Campaigners claim victory in bid to stop 50 deportations to Jamaica

Fifty people are set to be deported to Jamaica on Tuesday

Campaigners are claiming victory in their fight to stop the deportation of more than 50 people to Jamaica from the UK on Tuesday.

The detainees, who the Home Office says are foreign criminals and are being held at two centres near Heathrow Airport, were due to be flown to the Caribbean island on Tuesday morning.

Earlier on Monday, campaigners lost a High Court ruling but later a Court of Appeal judge, Lady Justice Simler, reached a different decision.

The charity Detention Action claimed the new ruling would affect 56 people but the Home Office said the figure was closer to 30 and has asked the judge to reconsider.

Detention Action argued some detainees at Colnbrooke and Harmondsworth centres still do not have a functioning mobile phone, after issues with a nearby O2 phone mast, and did not have adequate access to legal advice.

Lady Justice Simler ordered the Home Office not to remove anyone "unless satisfied (they) had access to a functioning, non-O2 SIM card on or before 3 February".

Activists also claim some of those facing deportation were as young as 13 when they moved to the UK.

Bella Sankey, director of Detention Action, said: "We are delighted with this landmark decision which is a victory for access to justice, fairness and the rule of law.

"On the basis of this order from our Court of Appeal we do not believe that anyone currently detained at the Heathrow detention centres can be removed on the flight. We understand that this will apply to at least 56 people."

A Home Office spokesperson said: "The planned charter flight to Jamaica is specifically for deporting foreign national offenders. Those detained for removal include people convicted of manslaughter, rape, violent crime and dealing Class-A drugs.

"We are urgently asking the judge to reconsider their ruling and it would be inappropriate to comment further whilst legal proceedings are ongoing."

More than 150 politicians and peers had written to the prime minister calling on him to stop the deportation.

Two of the young men who had been set to be deported were convicted of drugs offences as teenagers and say they have no link to Jamaica, having left the country at a young age.

Tajay Thompson, who was convicted of possessing Class A drugs with intent to supply as a 17-year-old, has been given a reprieve.

He served half of a 15-month sentence in 2015 and, now 23, he had told Sky News: "It's not like I'm a rapist or a murderer, I've made a mistake when I was 17 and it's now going to affect my whole life."

Mr Thompson was brought to the UK as a five-year-old and lives with his mother and younger brother in south London.

He has only been to Jamaica twice on holiday since and said: "I feel like I was born here. Jamaica is not my country."

His mother Carline Angus said she feared for her son's safety if he was deported.

She told Sky News: "Sending a person back to Jamaica to live is totally different from going on holiday.

"The minute you reach back home you are a deportee, your life is in jeopardy. You'd be lucky to survive six months there because you became an easy target. So there's no way he can survive. Tajay knows no one there."
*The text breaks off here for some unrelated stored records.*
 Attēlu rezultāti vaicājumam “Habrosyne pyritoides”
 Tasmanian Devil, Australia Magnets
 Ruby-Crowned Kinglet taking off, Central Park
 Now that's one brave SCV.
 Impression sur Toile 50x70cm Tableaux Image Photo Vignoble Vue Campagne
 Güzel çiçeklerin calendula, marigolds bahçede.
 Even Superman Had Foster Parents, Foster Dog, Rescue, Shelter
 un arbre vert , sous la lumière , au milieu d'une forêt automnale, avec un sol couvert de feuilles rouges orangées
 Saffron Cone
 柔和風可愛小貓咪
Mr Thompson filed a separate legal challenge and is now able to remain in detention in the UK while his lawyers work to keep him here indefinitely.
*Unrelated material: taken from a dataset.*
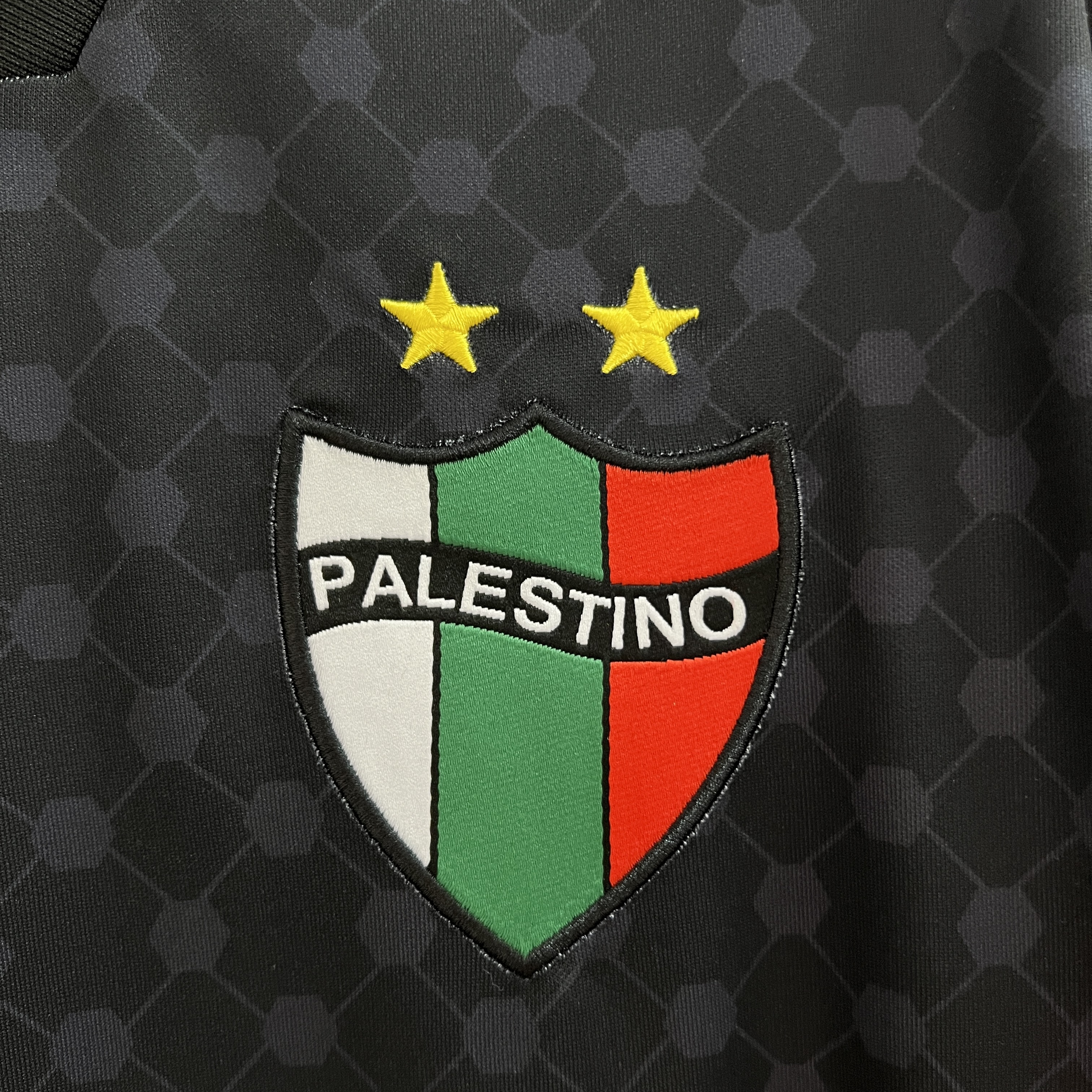 Higojerseys-Club Deportivo Palestino 24-25 Away Jersey - Fans Version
Akiva Heaven, 22, who served around four years for a drugs offence and was released in May 2018, said: "I've done my sentence already, I've done my crime, done my time as they would say.

"Now, I'm getting a double punishment."

Mr Heaven said he fears for his life if he is forced to return to a place where he has no relatives and no memories.

Nottingham East Labour MP Nadia Whittome organised the letter to Boris Johnson and said deportations should be stopped until a report into the Windrush controversy is released.

She said: "The fact is that many of the individuals in question have lived in the UK since they were children and at least 41 British children are now at risk of losing their fathers through this charter flight.

"The government risks repeating the mistakes of the Windrush scandal unless it cancels this flight and others like it until the Windrush Lessons Learned Review has been published and its recommendations implemented."

Windrush campaigner and Labour MP David Lammy urged the government to reassure MPs that there were no British nationals on the flight.

He added: "People watching see the way that this government holds with such disrespect the contribution of West Indian, Caribbean and black people in this country. When, when will black lives matter again?"

The Windrush generation were named after the ship that brought migrants to the UK from the Caribbean in 1948.

Commonwealth citizens who arrived in the UK before 1973 were automatically granted indefinite leave to remain but many of them were not given any documents to confirm their status.

In recent years, some have been denied access to services, held in detention or removed, despite living legally in the country for decades.

Reacting to Ms Whittome's request last week, Boris Johnson said: "The people of this country will think it right to send back foreign national offenders."

Last year, 29 convicted criminals were deported to Jamaica on the first deportation flight since the Windrush scandal.

The Home Office previously said that under the UK Borders Act 2007, a deportation order must be made where a foreign national has been convicted of an offence and received a custodial sentence of 12 months or more.

Possible exceptions include where this would breach human rights or the UK's obligations under the Refugee Convention.